En 1993, six prisonniers marocains étaient emmenés de Tindouf à Oum Chiat.
Leurs noms: Sergent Arzou Kaddour de Taza (dit Kouider) ; Rabei Lahcen de Séfrou ; Bennouna Mohammed de la région de Taza ; Jaafar Mohammed ; Hassan Tanji et Hassan Chrif. Ces braves militaires travaillaient sous les yeux vigilants de six gardiens militaires du polisario.
Ce jour du 25 mai 1993, les gardes leur avaient donné un travail à la tâche qui consistait à faire des briques (200 chacun). Une fois ce travail terminé, ils rejoignirent leur lieu d’habitation, une cave couverte. Après le petit déjeuner, le sergent Kouider sortit faire un état des lieux: il s’assura que le véhicule, un Mercédès type Unimog, était bien à sa place habituelle. Il passa à côté, pour vérifier discrètement que les deux kalachnikovs étaient toujours derrière le siège du conducteur. Il revint chez ses camarades. Sergent Arzou Kaddour dit Kouider raconte:
«Je rassurai mes cinq camarades que c’était le moment de partir ou jamais. Sitôt sortis de la cave, nous fonçâmes sur le véhicule pour nous emparer des deux fusils. Ensuite, nous surprimes les gardes dans leur chambre. Nous les fouillâmes et ligotâmes. Nous les fîmes monter tous les six dans le véhicule. Après cette opération, je chargeai l’un de mes camarades de faire le plein du véhicule. Un autre se chargea de ramener un bidon de 200 litres plein d’eau. Un troisième nous procura 20 litres de lait de chamelle en bidons de 5 litres. Nous ramassâmes tout ce que les gardes avaient en leur possession en date, thé et sucre.
Nous primes le départ à 16 heures 30. Cet horaire fut choisi de telle manière que si d’autres devaient être au courant de notre évasion et nous suivre, ils ne le feraient qu’à la tombée de la nuit et par conséquent la poursuite leur serait très difficile.
Nous roulâmes toute la nuit à une vitesse modérée car l’Unimog est un véhicule qui possède un châssis haut et par expérience facile à se renverser à de fortes vitesses.
Le lendemain, nous roulions toute la matinée et à midi nous traversâmes la ligne de chemin de fer reliant Nouadhibou à Zouerate. Nous décidâmes de laisser les 6 gardiens à cet endroit là au point 60 km de Zouerate pour leur donner une chance d’être sauvés au passage du train. Avant de les quitter, nous leur proposâmes de rentrer au Maroc avec nous. Ils s’excusèrent justifiant leur choix par le fait qu’eux aussi avaient leurs familles aux camps à Tindouf et sans eux leurs enfants et leurs épouses seraient sans ressources et connaitraient beaucoup de difficultés pour vivre.
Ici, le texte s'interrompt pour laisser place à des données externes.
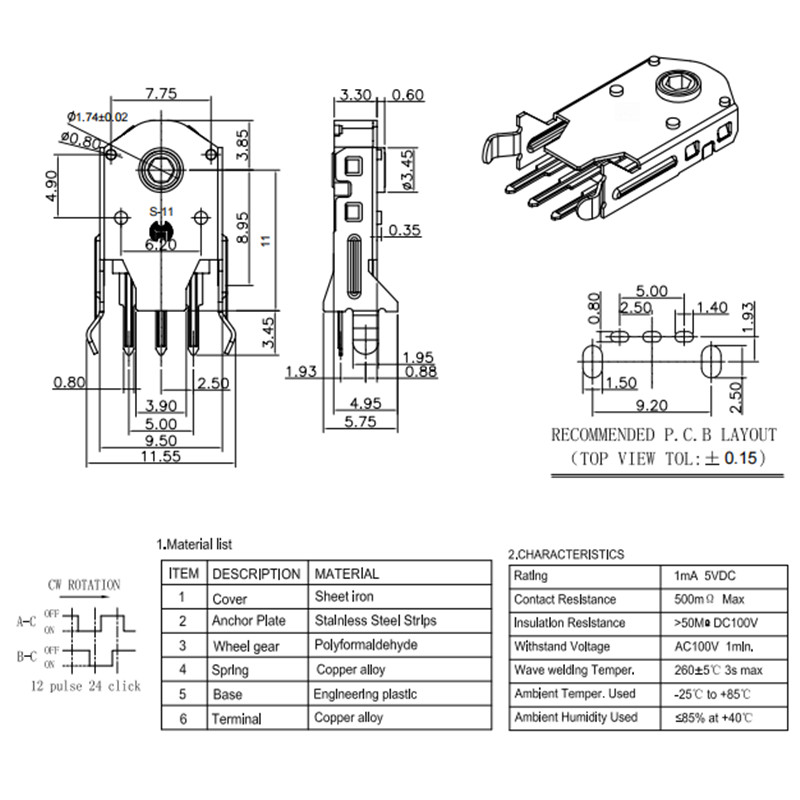 10/20/50/100Gb HUANO Peles navigācijas riteņa kodētājs 5mm 7mm 9mm 10mm 11mm 13mm riteņa caurumu attālums 1,74mm Dekodera peles kodētājs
Nous n’y trouvâmes rien à dire. Mais avant de les quitter, nous leur avions laissé suffisamment d’eau, du lait, du thé, du sucre et des dattes. Nous déviâmes notre route vers le nord Ouest. Nous étions donc hors du territoire mauritanien et venions d’entrer au Sahara. Mais nous étions toujours en zone d’insécurité totale parce que nous étions dans une zone tampon laissée au polisario par le Maroc au moment du cessez-le-feu. Nous avions roulé tout l’après-midi en nous faufilant à travers les acacias pour ne pas soulever de poussière derrière nous pour éviter de nous faire repérer. Avant la tombée de la nuit, nous essayâmes de nous repérer. Nous primes la direction nord ouest que nous avions estimée facilement avec le coucher de soleil. Nous avions roulé quelques heures la nuit tout en étant vigilants. A minuit nous poussâmes un grand Ouf !!Nous étions devant les barbelais du mur de défense. Malheureusement notre véhicule sauta sur une mine à l’entrée du mur. Notre camarade Rabei Lahcen eut une fracture à la jambe. Jaafar et moi étions légèrement blessés. Nous fumes accueillis par le 3ème bataillon du 4ème RIM puis reçus par le colonel Sahli, commandant le régiment. Nous fumes évacués sur l’hôpital militaire de Dakhla où nous avions passé 7 jours. De là Rabei fut évacué directement sur l’hôpital militaire Mohammed V à Rabat. Moi et mes autres camarades fumes conduits à l’état-major zone sud. On nous donna 5.000 dh chacun et 45 jours de permission».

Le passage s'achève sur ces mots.